Nancy Chan is a postfeminist icon of sorts. The ultimate lady entrepreneur, Chan--the title character of the popular serial Nancy Chan: Diary of a Manhattan Call Girl, catalogued on Salon.com--has an enviable collection of Prada bags, a pricey pad on the Upper East Side and a little black book full of Wall Street power brokers. Nancy's creator, Tracy Quan, is a former working girl herself, who describes her past life as a whirlwind of lucrative dates: "Here I was," she writes breathlessly, "a New York call girl, routinely bedding CEOs, foreign nobles, and entertainment moguls in the city's five-star hotels."
What would antipornography activists Andrea Dworkin and Catharine MacKinnon, who electrified a generation of women's studies majors, think of Quan and her resourceful, business-minded creation? Addressing an audience at the University of Michigan law school in 1992, Dworkin admonished that society might want us to "feel a kinky little thrill every time you think of something being stuck in a woman. I want you to feel the delicate tissues in her body that are being misused." All prostitution, she maintains, "whether the event took place in the Plaza Hotel or somewhere more inelegant," is a violation of women's bodies and their civil rights.
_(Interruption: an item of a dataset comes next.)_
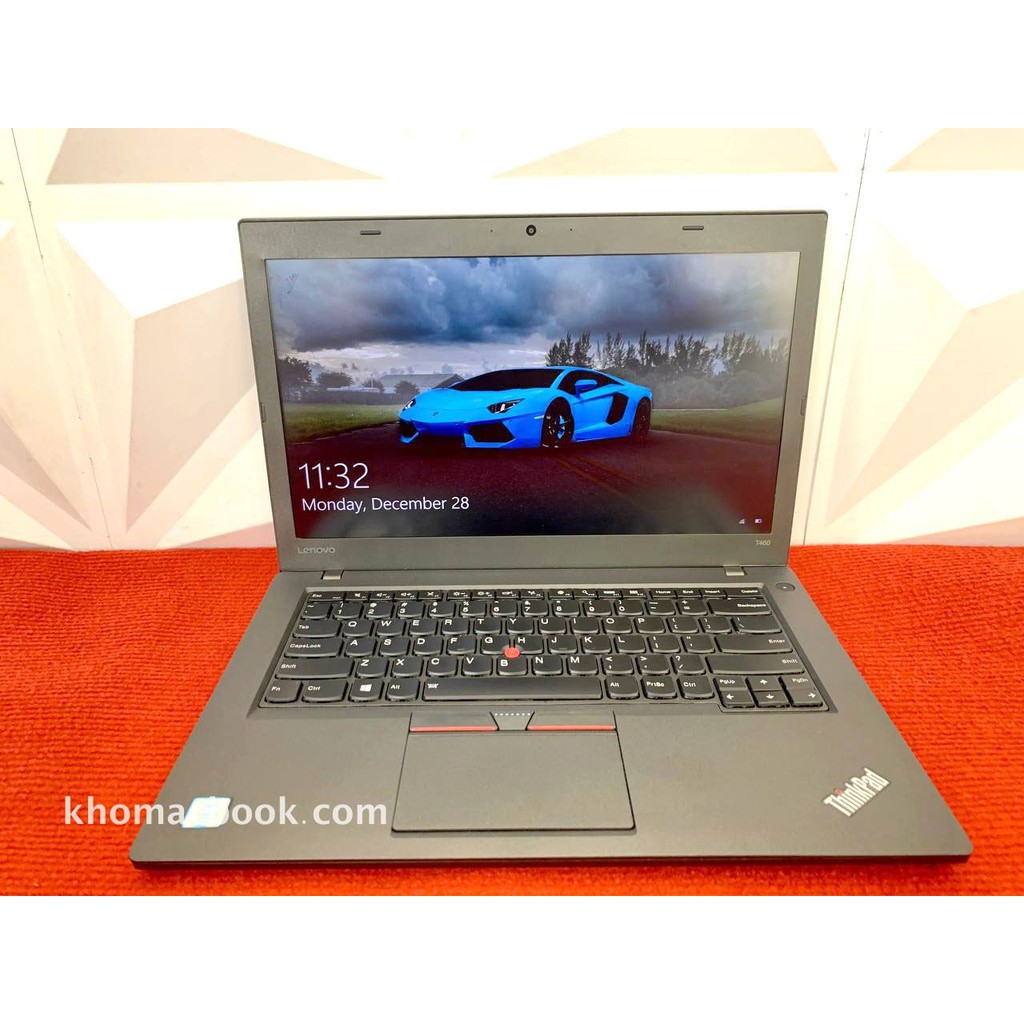 ThinkPad T460 Core i7 và i5 l RAM 8GB l SSD 256GB l Màn 14 inch [BẢO HÀNH 3 - 12 THÁNG] Hàng Chuẩn Mới 99% | BigBuy360 - bigbuy360.vn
What's missing from both sides of the theoretical divide is the "work" half of the sex worker's job description ("sex worker" is a term preferred by many in the industry to the old-fashioned "prostitute" or the derogatory "hooker"). For women who make their living in strip clubs, brothels, massage parlors or in front of the pornographer's camera, sex is part of the job description, and the work is often as dull and unstimulating as telemarketing or stitching sleeves in a garment factory.